-- TASK DIRECTIONS --
Could you repeat the listing below exactly while leaving its pictures behind?
[Opening SOURCE DATA section]
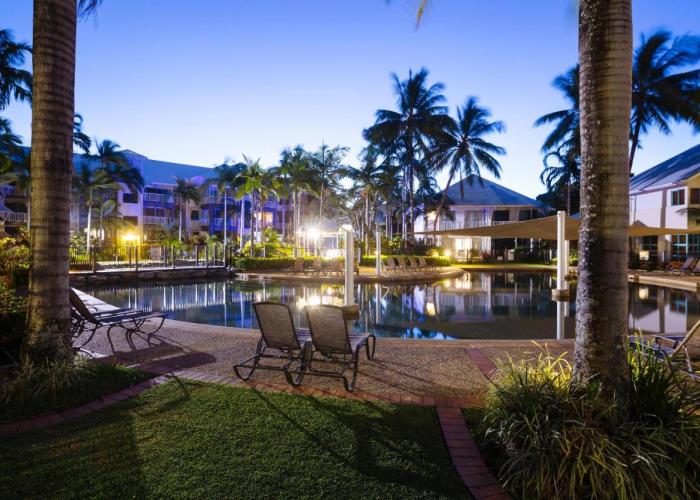 Coral Sands Beachfront Resort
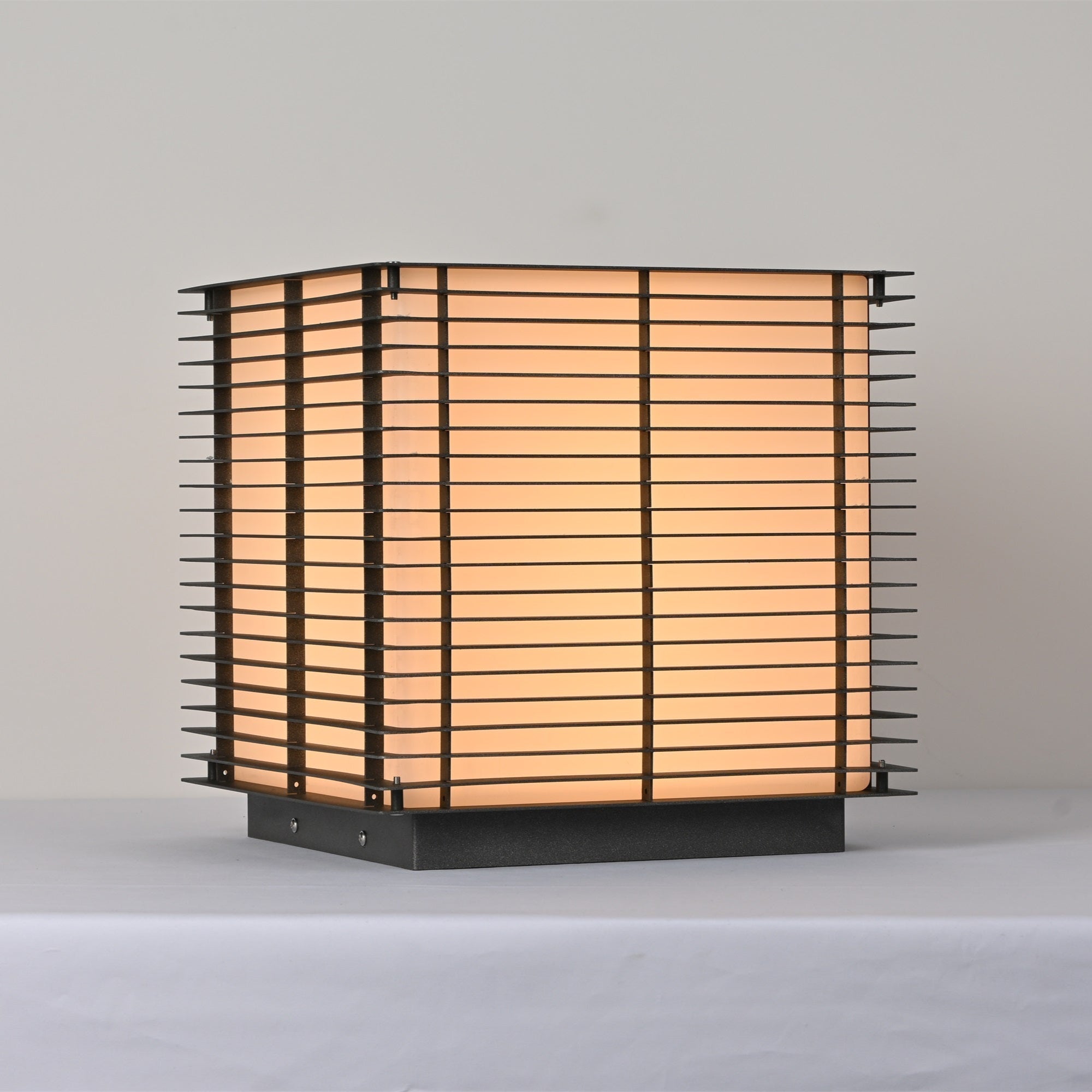 Solar Grid Outdoor Light - Blowlighting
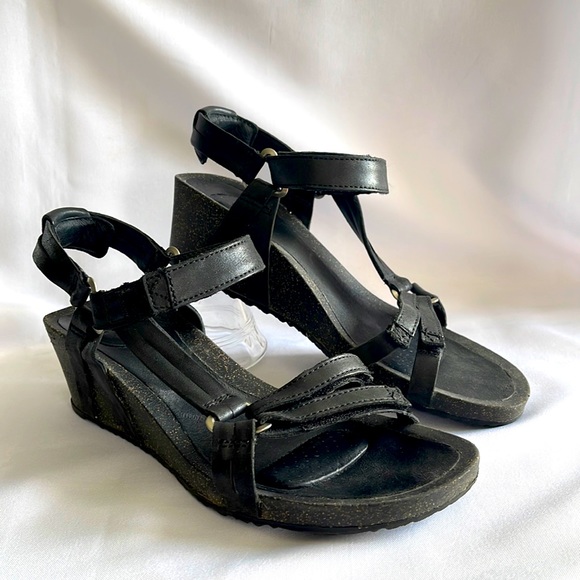 Teva Sandals (Sold on Mercari) - Picture 4 of 13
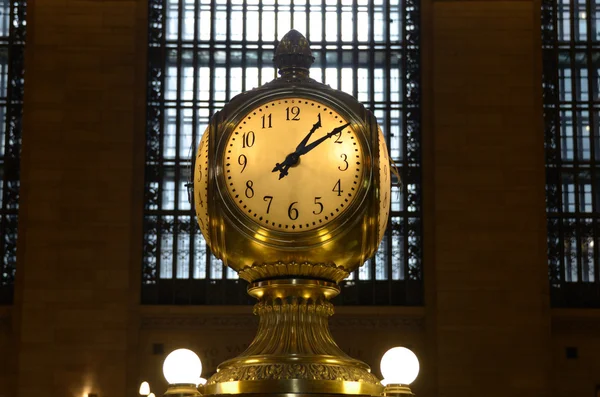 Grande relógio terminal central — Fotografia de Stock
[Closing SOURCE DATA section]
-- RESULT OF THIS EXERCISE --
 Coral Sands Beachfront Resort
 Solar Grid Outdoor Light - Blowlighting
 Teva Sandals (Sold on Mercari) - Picture 4 of 13
 Grande relógio terminal central — Fotografia de Stock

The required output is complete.